• Google the famous line from Madame Bovary — “… human speech is like a cracked cauldron on which we bang out tunes that make bears dance, when we want to move the stars to pity” — and you’ll find it rendered into English numerous ways. Reading the variations one after another it becomes amusing to imagine they’re the result of a writer fiddling endlessly with a single sentence: adding, deleting, shuffling, and then changing everything back again.
First draft:
… language is a cracked kettle on which we bang our tunes to make bears dance, when what we long for is to move the stars to pity.
After a little tinkering:
. . . human speech is like a cracked tin kettle, on which we hammer out tunes to make bears dance when we long to move the stars.
“Cracked tin black kettle”? No.

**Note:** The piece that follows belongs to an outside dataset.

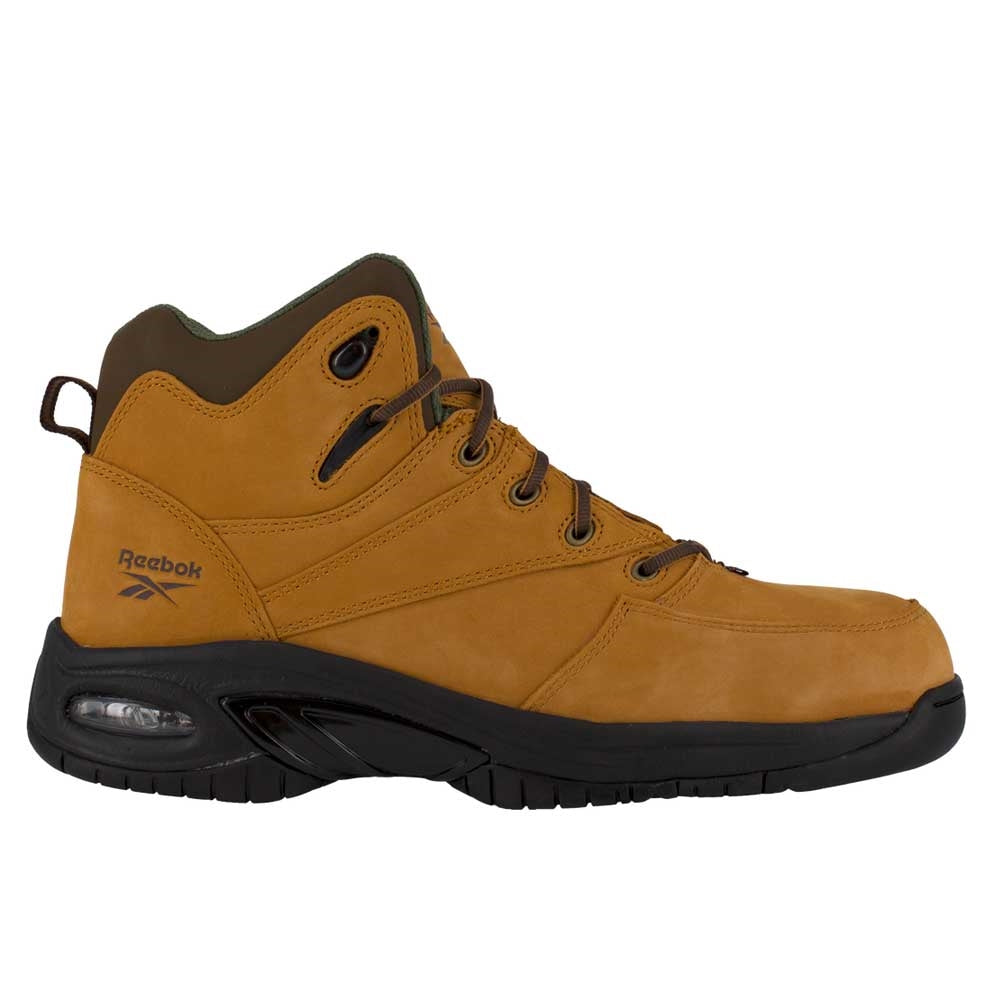 Reebok Tyak Composite Toe Work Boot - RB4327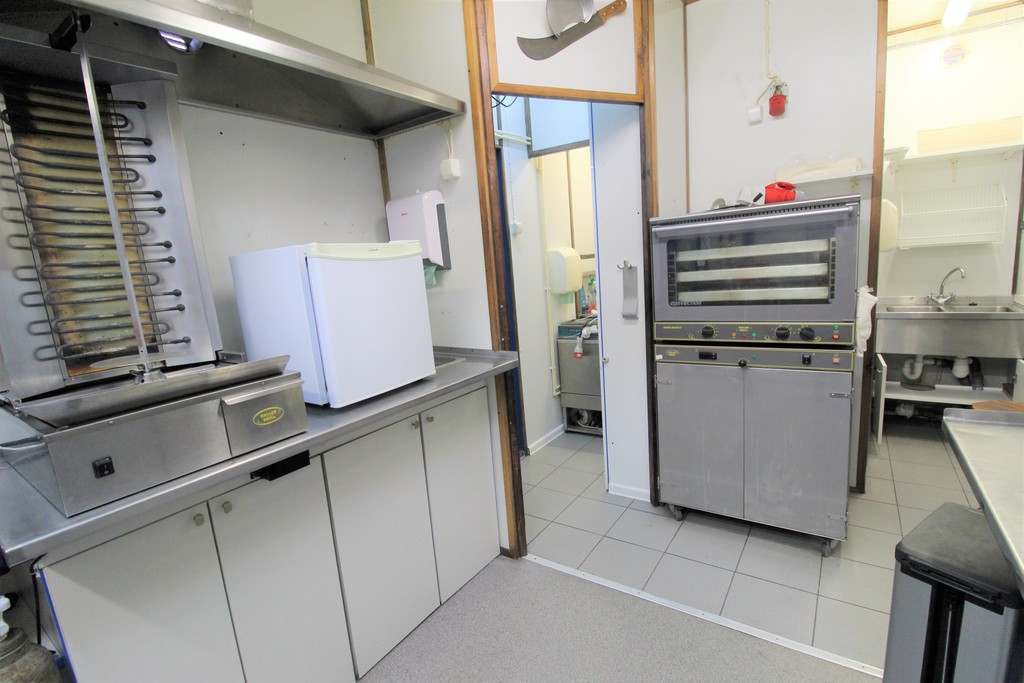 Lokal na sprzedaż Koszalin 107 m2 | Arka Nieruchomości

Also, “long for”? Calm down there, Heathcliff:
“… human speech is like a cracked cauldron on which we bang out tunes that make bears dance, when what we want is to move the stars to pity.”
Strunk the end of that sentence and we’re there:
“… human speech is like a cracked cauldron on which we bang out tunes that make bears dance, when we want to move the stars to pity”
At which point the author begins to wonder if the sentence didn’t really sound better with “hammer” after all.
• I was thinking about that quote last night. I’ve been reading Dear Bunny, Dear Volodya, which collects the letters of Vladimir Nabokov and Edmund Wilson during the years of their “bilaterally condescending friendship.” The back-and-forth is entertaining, and reading it I feel great affection for both men but especially old Volodya, with his superciliousness and his puns and his gliding fleet-footedness. And yet admiring him sometimes makes me feel a little like a seal barking after an opera singer, all enthusiasm and flippers, which was what brought to mind Flaubert’s dancing bears.
A couple good bits from the letters to bark at you, the first from a 1942 letter:
I have just had a visit from the secretary of the man — whatever his name — who wrote something called Tobacco Road and who is now writing a novel of Soviet Life. Vous voyez ca d’ici. He wanted to know the English spelling of “nemetzky,” “collhoz” (which he writes “kholholtz”) and such things. The hero is called Vladimir. All very simple. I was half impelled by my private devil to palm him a set of obscene words which he would use for “good morning” and “good night.” (e.g. “Razyebi tvoyu dushu,” said V. gravely.)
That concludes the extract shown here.